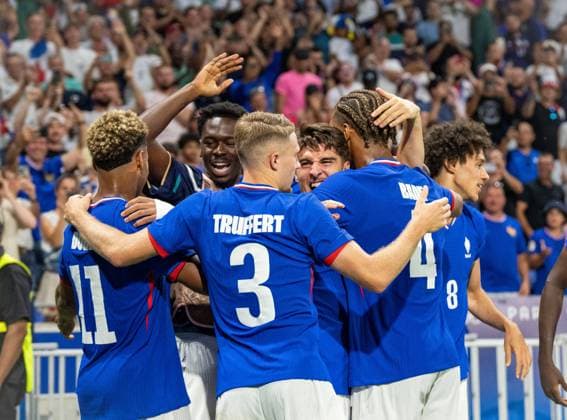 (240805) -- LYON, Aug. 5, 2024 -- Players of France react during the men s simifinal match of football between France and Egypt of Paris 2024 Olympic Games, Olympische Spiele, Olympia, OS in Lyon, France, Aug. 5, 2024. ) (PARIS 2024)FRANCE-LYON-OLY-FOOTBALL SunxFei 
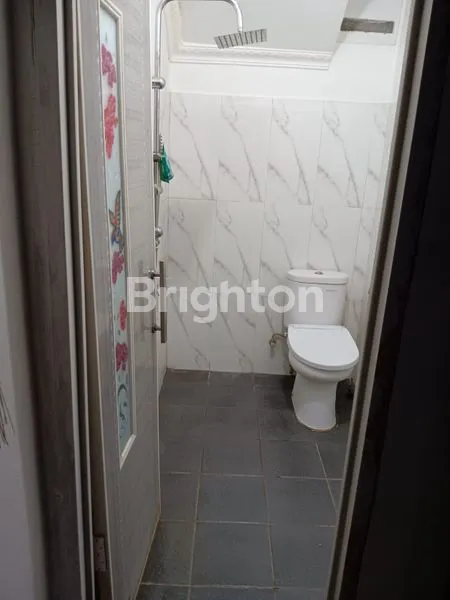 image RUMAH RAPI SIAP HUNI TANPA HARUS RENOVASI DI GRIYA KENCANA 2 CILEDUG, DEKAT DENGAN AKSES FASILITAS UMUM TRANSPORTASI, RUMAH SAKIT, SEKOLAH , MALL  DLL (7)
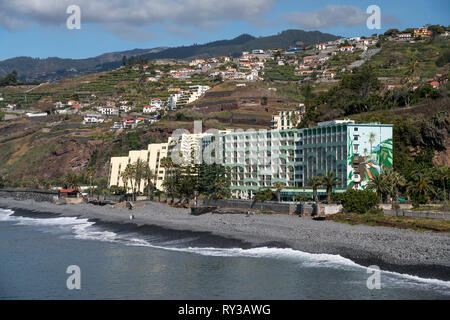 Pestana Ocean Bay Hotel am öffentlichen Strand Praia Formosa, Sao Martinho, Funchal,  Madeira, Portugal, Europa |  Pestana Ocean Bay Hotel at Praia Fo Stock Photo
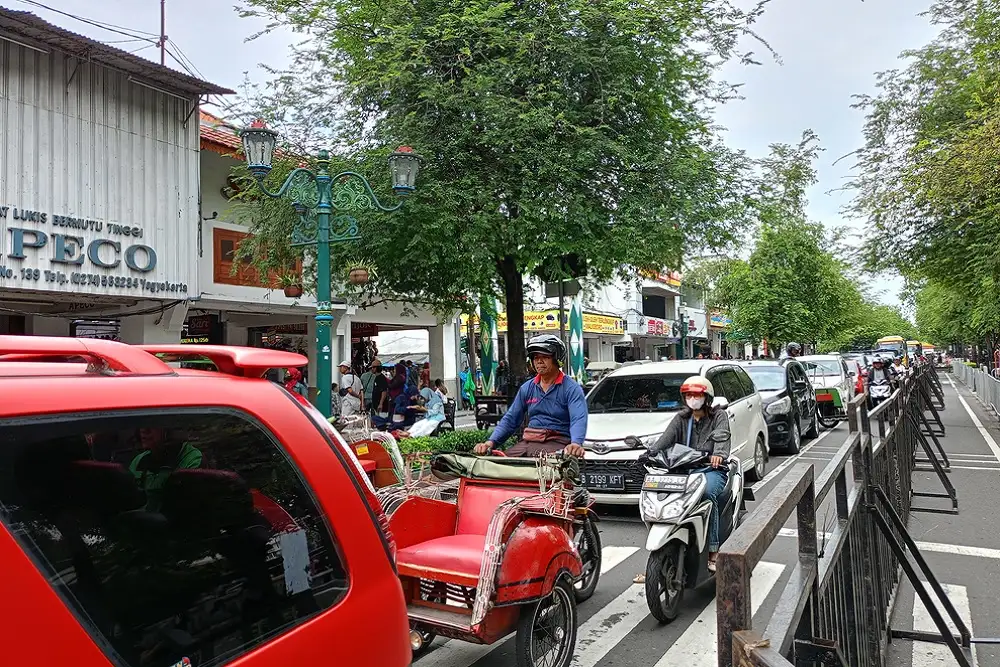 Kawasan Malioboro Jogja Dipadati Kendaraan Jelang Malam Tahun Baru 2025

**Task requirements**
Write out the listing above exactly as it stands, pictures excluded.

**Expected output**
 (240805) -- LYON, Aug. 5, 2024 -- Players of France react during the men s simifinal match of football between France and Egypt of Paris 2024 Olympic Games, Olympische Spiele, Olympia, OS in Lyon, France, Aug. 5, 2024. ) (PARIS 2024)FRANCE-LYON-OLY-FOOTBALL SunxFei 
 image RUMAH RAPI SIAP HUNI TANPA HARUS RENOVASI DI GRIYA KENCANA 2 CILEDUG, DEKAT DENGAN AKSES FASILITAS UMUM TRANSPORTASI, RUMAH SAKIT, SEKOLAH , MALL  DLL (7)
 Pestana Ocean Bay Hotel am öffentlichen Strand Praia Formosa, Sao Martinho, Funchal,  Madeira, Portugal, Europa |  Pestana Ocean Bay Hotel at Praia Fo Stock Photo
 Kawasan Malioboro Jogja Dipadati Kendaraan Jelang Malam Tahun Baru 2025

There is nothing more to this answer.